「第2回大阪万博」が盛り上がらないのは前回のアポロ月着陸を超える科学技術上の快挙がないから~「人類の進歩と調和」は実現されたのか
カーター大統領の度重なる愚行
その流れが大きく変わったのは、1980年のモスクワオリンピックであろう。共産圏初のオリンピックであり、冷戦下における「世界の融和」が期待されていた。しかし、前年のソ連のアフガニスタン侵攻に抗議した民主党のカーター大統領のボイコット呼びかけによって米国、英国、フランス、西ドイツ、イタリア、日本などが不参加となった。 ソ連のアフガニスタン侵攻の是非はともかく(後に米国も侵攻したのは隠しようがない事実である)、2021年3月9日公開「敢えて問う…そもそもスポーツの祭典はオリンピックでなければならないか?」冒頭「ギリシャ、クーベルタンの理念はどこに行った?」で述べたように、オリンピックとは「開催期間中だけは戦闘を休止し、スポーツという平和的手段で競う」ことが重要な目的であるはずだ。 しかし残念なことに、ギリシャ人達よりも現代人の方が野蛮なせいかどうかは分らないが、近代オリンピックにおいて「オリンピック休戦」は機能していないと言える。 公益社団法人 東京都人権啓発センター 2022年2月7日「『平和の祭典』としてのオリンピック」によれば、近代オリンピックが2度の世界大戦により夏季・冬季合わせて5回中止になっているのに対して、古代オリンピックは一度も中止されることなく、293回まで続いたとの記録がある。 世界が対立している中で開催されている「平和の祭典」をボイコットするなどというのは、明らかな「愚行」である。
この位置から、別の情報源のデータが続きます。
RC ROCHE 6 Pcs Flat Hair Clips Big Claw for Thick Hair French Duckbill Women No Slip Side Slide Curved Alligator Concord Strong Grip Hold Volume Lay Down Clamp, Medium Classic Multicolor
その「悲劇」については、日本経済新聞 2017年10月25日「あれから37年… モスクワ五輪ボイコットとその後」などで述べられている。 1979年の「イラン・アメリカ大使館人質事件」の救出作戦大失敗によって威信が低下したカーター政権の「起死回生を狙った愚策」とも考えられるが、このような「国際ルールを無視した蛮行」は「ジャイアン・アメリカ」のお家芸とも言える。 当然のことながら、1984年のロサンゼルス・オリンピックは、1983年のアメリカ軍のグレナダ侵攻に抗議するという形で(事実上報復といえよう)、ソ連及び東欧諸国が参加をボイコットした。 米国自らにブーメランが返ってきたのだ。